- Born: Paul Julius Oswald Teichmüller 18 June 1913 Nordhausen, Province of Saxony, Prussia, German Empire
- Died: 11 September 1943 (aged 30) Poltava, Ukrainian SSR, Soviet Union
- Education: University of Göttingen (Ph.D.)
- Known for: Teichmüller character Teichmüller cocycle Teichmüller space Teichmüller–Tukey lemma p-basis
- Scientific career
- Fields: Mathematics
- Institutions: University of Berlin
- Thesis: Operatoren im Wachsschen Raum (1936)
- Doctoral advisor: Helmut Hasse

= Oswald Teichmüller =

German mathematician (1913–1943)

Paul Julius Oswald Teichmüller (/de/; 18 June 1913 – 11 September 1943) was a German mathematician. He made contributions to complex analysis, including the introduction of quasiconformal mappings and differential geometric methods into the study of Riemann surfaces. The Teichmüller space is named after him, as is the Teichmüller character and the Teichmüller cocycle.

Born in Nordhausen, Teichmüller attended the University of Göttingen, where he graduated in 1935 under the supervision of Helmut Hasse.
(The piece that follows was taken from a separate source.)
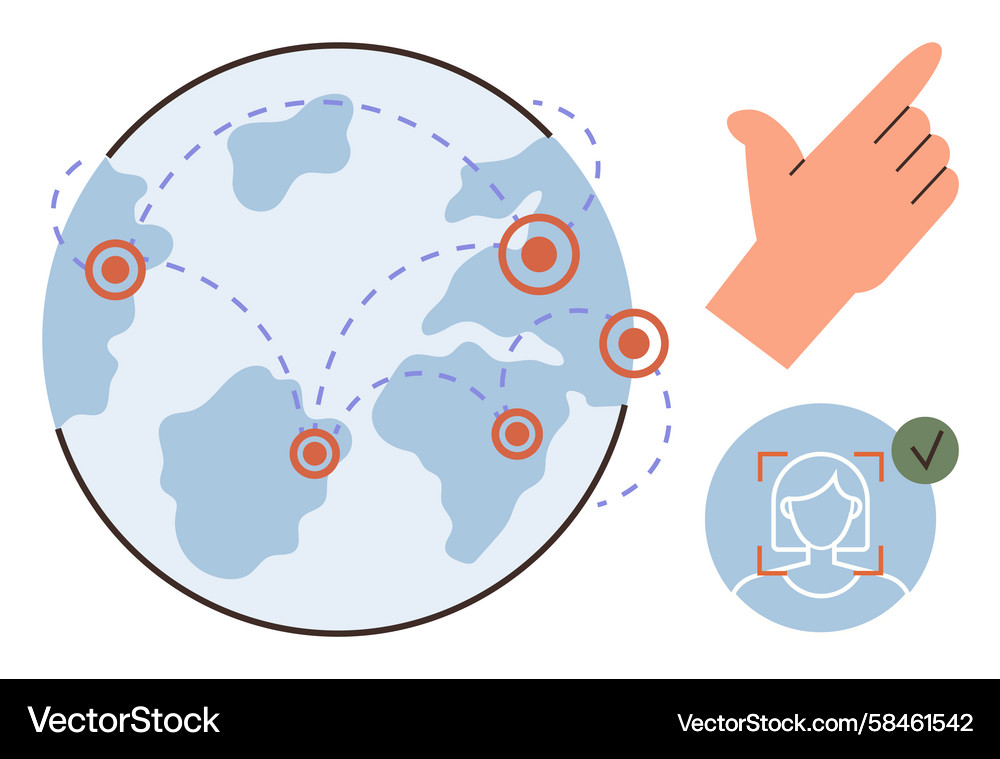 Global Connection & Biometric Verification Vector Image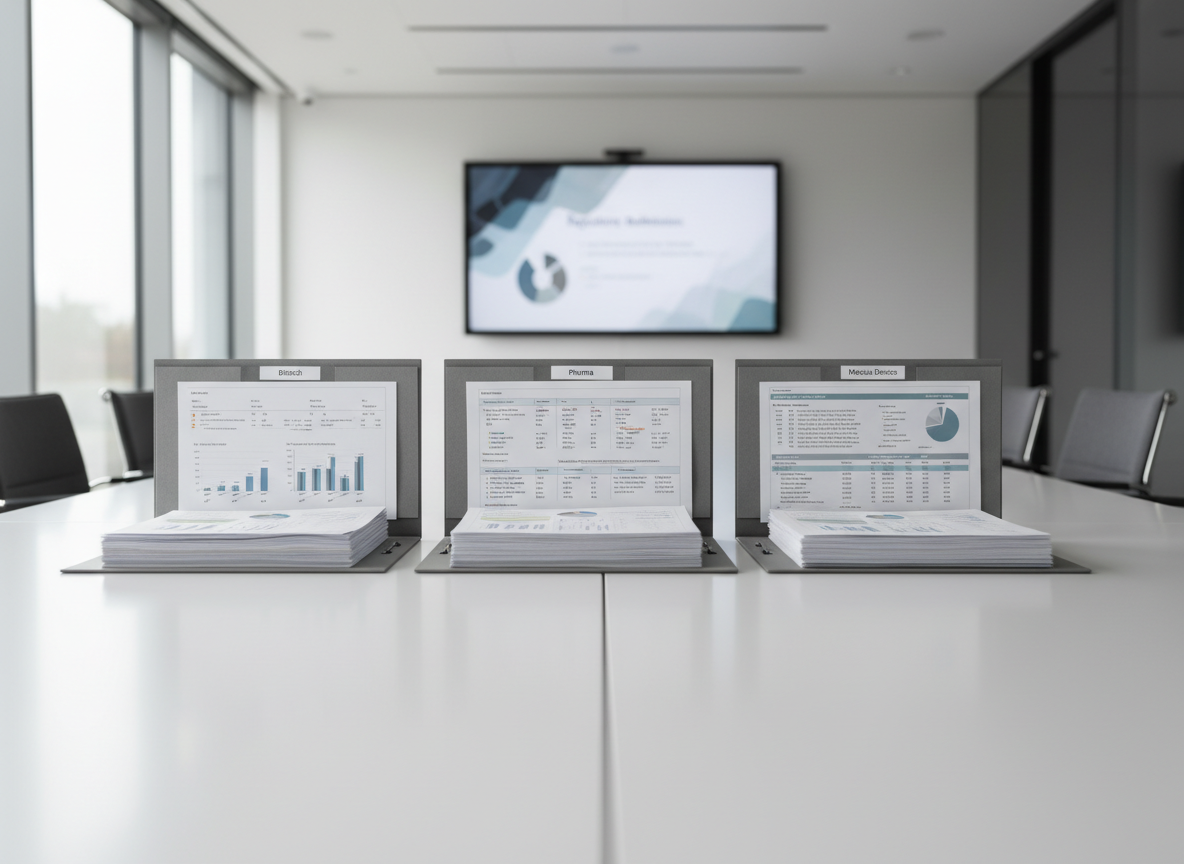 A modern, quiet conference room designed for biotech and pharmaceutical consulting meetings, entirely empty of people. At the center is a long, matte white table with three open folders labeled “Biotech,” “Pharma,” and “Medical Devices,” each containing neatly arranged printed charts and structured text. A large wall-mounted screen at the far end displays an out-of-focus regulatory submission timeline in muted blues and greys. Floor-to-ceiling windows on one side allow soft, overcast daylight to fill the room, creating gentle reflections on the table’s surface. Minimalist chairs with dark fabric line the table, slightly out of focus. Photographic realism captured from a slightly low, wide-angle perspective emphasizes clarity, organization, and strategic planning in a calm, professional atmosphere.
His doctoral dissertation was on operator theory, though this was his only work on functional analysis. His next few papers were algebraic, but he switched his focus to complex analysis after attending lectures given by Rolf Nevanlinna. In 1937, he moved to the University of Berlin to work with Ludwig Bieberbach. Bieberbach was the editor of Deutsche Mathematik and much of Teichmüller's work was published in the journal, which made his papers hard to find in modern libraries before the release of his collected works.
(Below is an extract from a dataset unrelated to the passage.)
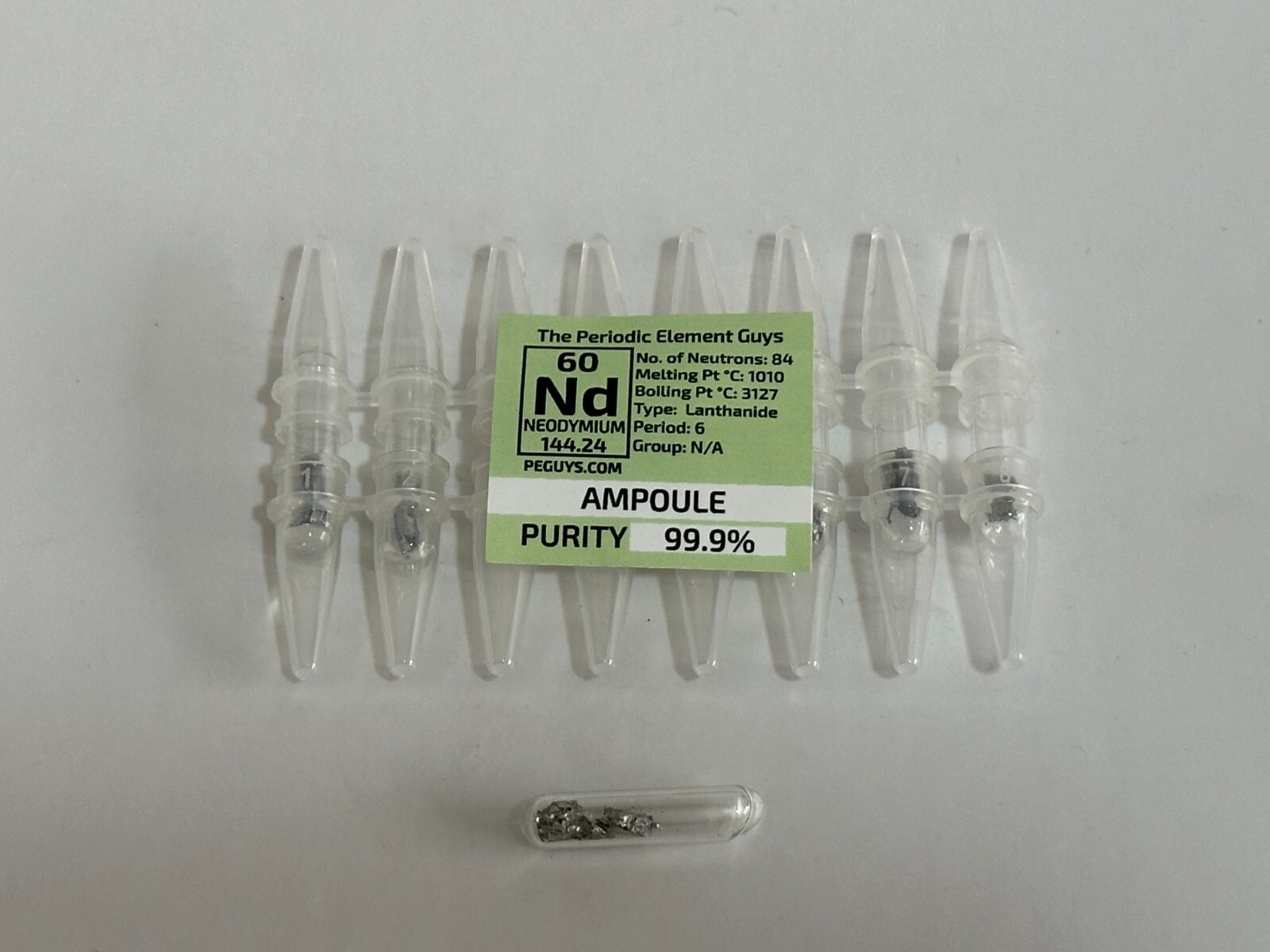 8 x Neodymium Metal 99.9% un-oxidized Argon Ampoules WHOLESALE Periodic Elements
A member of the Nazi Party (NSDAP) and Sturmabteilung (SA), the military wing of the NSDAP, from 1931, Teichmüller agitated against his Jewish professors Richard Courant and Edmund Landau in 1933. He was drafted into the Wehrmacht in July 1939 and took part in the invasion of Norway in 1940 before being recalled to Berlin to undertake cryptographic work with the Cipher Department of the High Command of the Wehrmacht. In 1942, he was released from his military duties and returned to teach at the University of Berlin. After the German defeat at Stalingrad in February 1943, he gave up his position in Berlin to volunteer for combat on the Eastern Front. He disappeared in unknown circumstances in September 1943.
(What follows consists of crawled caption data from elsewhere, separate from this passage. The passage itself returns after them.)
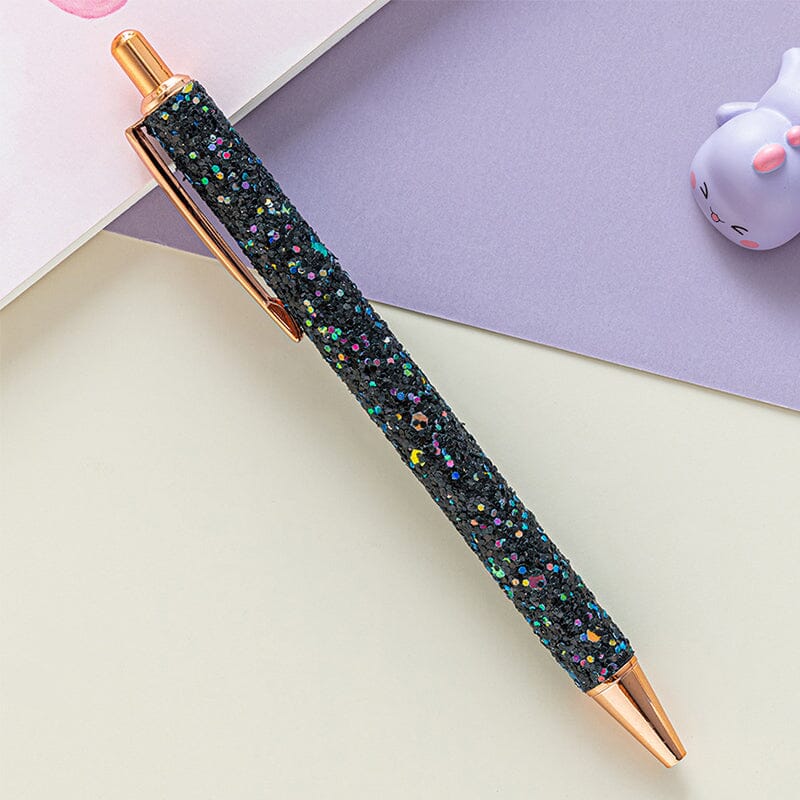 7 pcs PU Leather Sequin Press Ballpoint Pens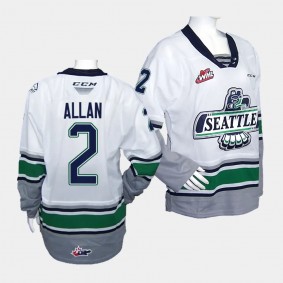 Nolan Allan Seattle Thunderbirds #2 2023 WHL Championship White Jersey Replica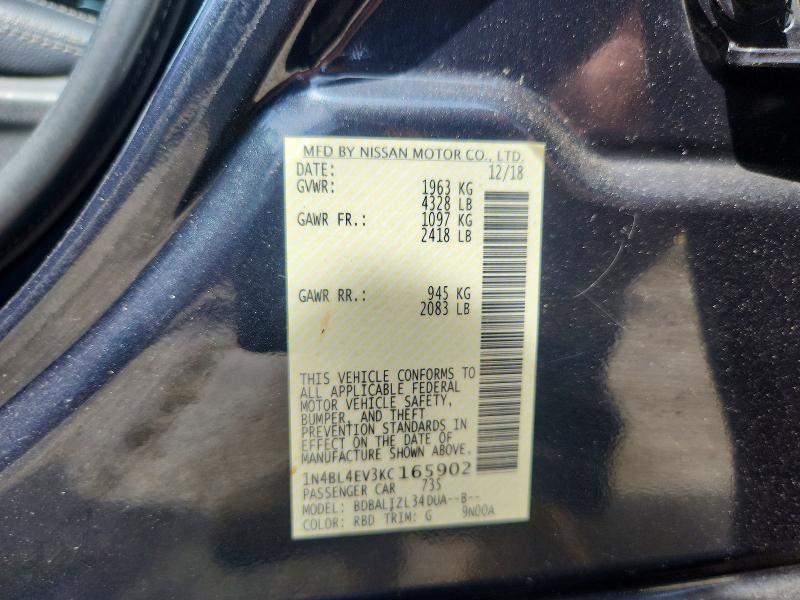 Продажа на аукционе авто 2019 Nissan Altima, vin: 1N4BL4EV3KC165902, номер лота: 50587376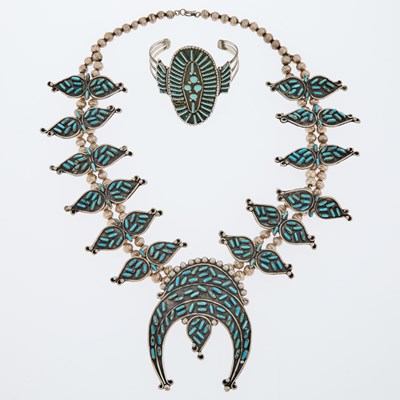 Lot 1372 - Silver and Turquoise Squash Blossom Necklace and Cuff Bangle Bracelet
Sanford L. Segal, a professor of mathematics at the University of Rochester, in his 2003 book Mathematicians Under the Nazis said: "Teichmüller was a gifted, brilliant, and seminal mathematician; he was also a dedicated Nazi."

==Biography==
===Early life===
Paul Julius Oswald Teichmüller was born in 1913 in Nordhausen, and grew up in Sankt Andreasberg. His parents were Gertrude (née Dinse) and Adolf Julius Paul Teichmüller. At the time of Oswald's birth, his father–an independent weaver by profession–was 33, and his mother was 39; they had no further children. His father was injured during World War I and died when Oswald was 12. According to Gertrude, when Oswald was three she discovered that he knew how to count and had learned to read on his own. After his father's death, she took him out of his school in Sankt Andreasberg which "he had long outgrown" and sent him to live with his aunt in Nordhausen, where he attended the Gymnasium.

===Education===
Teichmüller received his Abitur in 1931, and enrolled at the University of Göttingen as a "brilliant but lonely student from the hinterlands." Hans Lewy, a young instructor at Göttingen at the time, later told anecdotes of the ungainly Teichmüller's brilliance. Among Teichmüller's professors were Richard Courant, Gustav Herglotz, Edmund Landau, Otto Neugebauer and Hermann Weyl. He also joined the NSDAP in July 1931 and became a member of the Sturmabteilung in August 1931. On 2 November 1933 he organised the boycott of his Jewish professor Edmund Landau; in 1994, Friedrich L. Bauer described Teichmüller as a "genius" but a "fanatic Nazi" who "stood out with his agitation against Landau and Courant." Teichmüller later met Landau in his office to discuss the boycott, and penned a letter, at Landau's request, regarding his motivation:

I am not concerned with making difficulties for you as a Jew, but only with protecting – above all – German students of the second semester from being taught differential and integral calculus by a teacher of a race quite foreign to them. I, like everyone else, do not doubt your ability to instruct suitable students of whatever origin in the purely abstract aspects of mathematics. But I know that many academic courses, especially the differential and integral calculus, have at the same time educative value, inducting the pupil not only to a conceptual world but also to a different frame of mind. But since the latter depends very substantially on the racial composition of the individual, it follows that a German student should not be allowed to be trained by a Jewish teacher.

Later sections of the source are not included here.